Macron, en Une de « L’Express »… à la recherche de la nouvelle formule

L’image de Macron ? Elle est ici en plan serré et incarne un autre symbole en couverture de « L’Express » cette semaine. Le magazine qui propose ici sa nouvelle formule papier, affiche par là même, un autre grain, une autre dynamique, une forme nouvelle… et c’est le ministre de l’Economie qui porte tout ce changement. Sans guillemet, le titre : ce que je veux pour 2017. Ce n’est pas Macron qui le dit. C’est L’Express.

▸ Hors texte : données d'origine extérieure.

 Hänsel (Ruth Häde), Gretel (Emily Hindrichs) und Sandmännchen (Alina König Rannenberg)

Par contre, au sujet de 2017 et de « l’offre Macron », ce que dit vraiment le ministre au cours de cette dizaine de pages d’entretien (à lire dans son intégralité, car bien nourri et bien dense), c’est qu’il veut « faire réussir la France dans un monde ouvert. Mon combat, c'est celui pour le progrès et la mobilité ». Et à « L’Express » de saisir la balle au bond : « Mais quel véhicule prend-elle ? », le plus simple serait d'annoncer « je suis candidat à la présidentielle ». Réponse de l’actuel patron de Bercy : « En France on est obsédé par le flacon, au lieu de s'intéresser au contenu ». Et pour clore le volet « flacon » (ou « ambition »), cette question du magazine : « Où serez-vous dans 10 ans ? » à laquelle il répond tout aussi nettement : « Pas la moindre idée ».

Clairement «  en faveur d'un libéralisme économique et politique »

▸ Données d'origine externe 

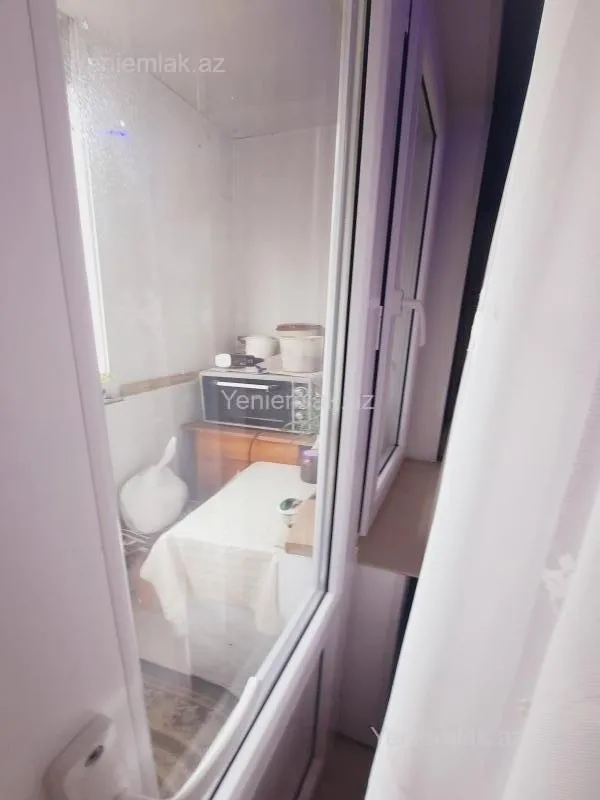 Satılır 1 otaqlı köhnə tikili 32 m²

Pour ce qui concerne le « contenu du flacon », qui constitue les 90% de l’échange, « Emmanuel Macron esquisse pour la première fois un projet global pour réformer le pays ». La mondialisation, l'Europe, l'innovation, la manière de concilier la justice et la liberté, il fait cas de tous ces sujets majeurs et déclare : « à cet égard, j'ai toujours exprimé un choix clair en faveur d'un libéralisme économique et politique, avec un socle de solidarité collective, de régulation, et la conviction que le principe de liberté rend plus fort. Remettre en question les rentes et les corporatismes, c'est ainsi redonner de l'énergie au pays, permettre à celles et ceux qui sont le plus loin de l'emploi, le plus loin du système, d’y revenir ».

« Pour restaurer la compétitivité… Il faut continuer à baisser les charges et les impôts des entreprises »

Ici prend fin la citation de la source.